Starting with the line with "Cục phó thi" in the entries below and going on through the line with "Fire 3D Printed Cosplay T-shirt", output every line exactly and nothing more. No pictures.

Material for this exercise:

_ _ _ _ _ _ _

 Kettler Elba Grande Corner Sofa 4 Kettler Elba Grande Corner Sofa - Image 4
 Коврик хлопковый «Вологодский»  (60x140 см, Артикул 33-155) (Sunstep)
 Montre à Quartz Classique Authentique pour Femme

_ _ _ _ _ _ _

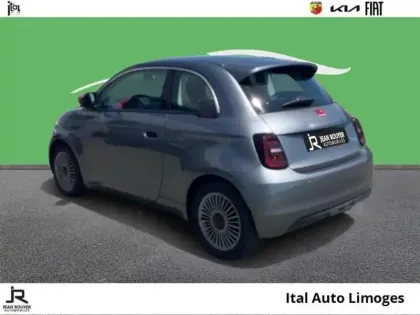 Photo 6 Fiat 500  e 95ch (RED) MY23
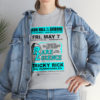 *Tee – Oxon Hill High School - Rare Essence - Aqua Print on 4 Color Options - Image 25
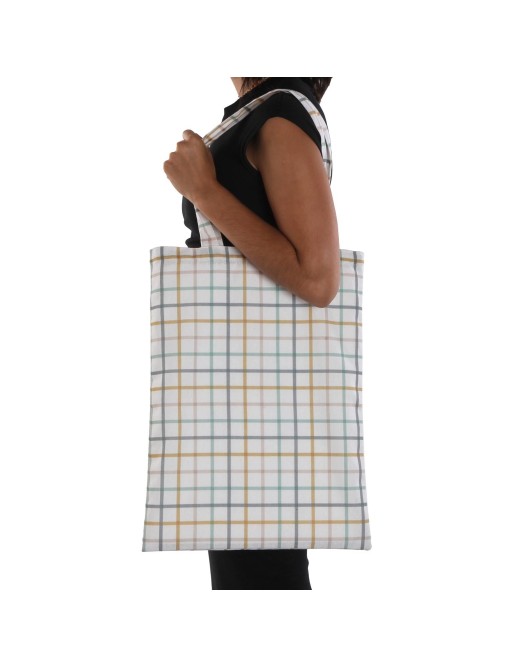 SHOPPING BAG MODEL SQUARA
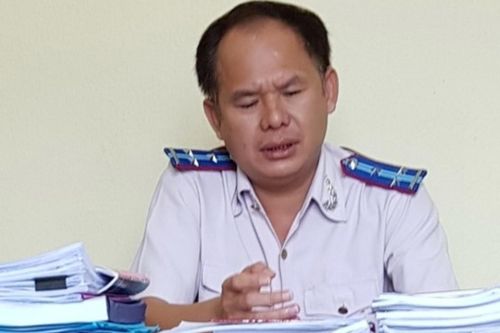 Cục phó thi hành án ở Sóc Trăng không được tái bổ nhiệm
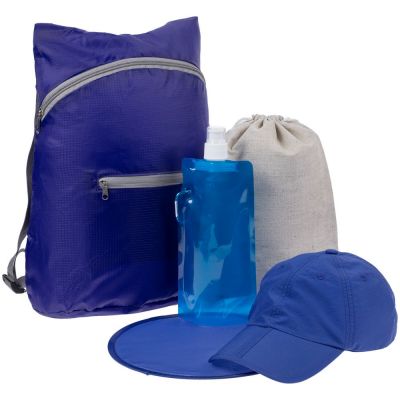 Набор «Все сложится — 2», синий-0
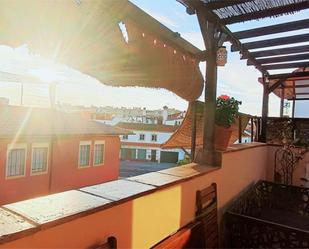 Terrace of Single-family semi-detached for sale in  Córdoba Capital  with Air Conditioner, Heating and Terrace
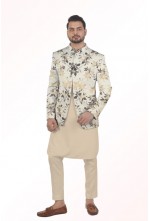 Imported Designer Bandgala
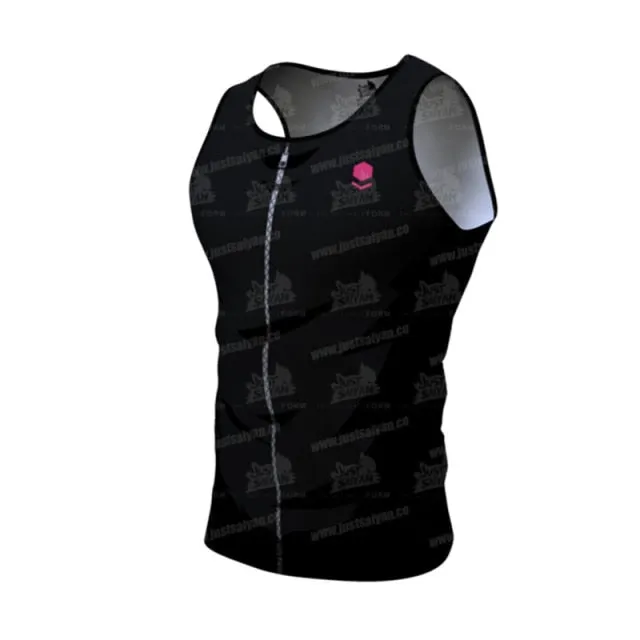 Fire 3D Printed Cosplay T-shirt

_ _ _ _ _ _ _

Result of this exercise:
 Cục phó thi hành án ở Sóc Trăng không được tái bổ nhiệm
 Набор «Все сложится — 2», синий-0
 Terrace of Single-family semi-detached for sale in  Córdoba Capital  with Air Conditioner, Heating and Terrace
 Imported Designer Bandgala
 Fire 3D Printed Cosplay T-shirt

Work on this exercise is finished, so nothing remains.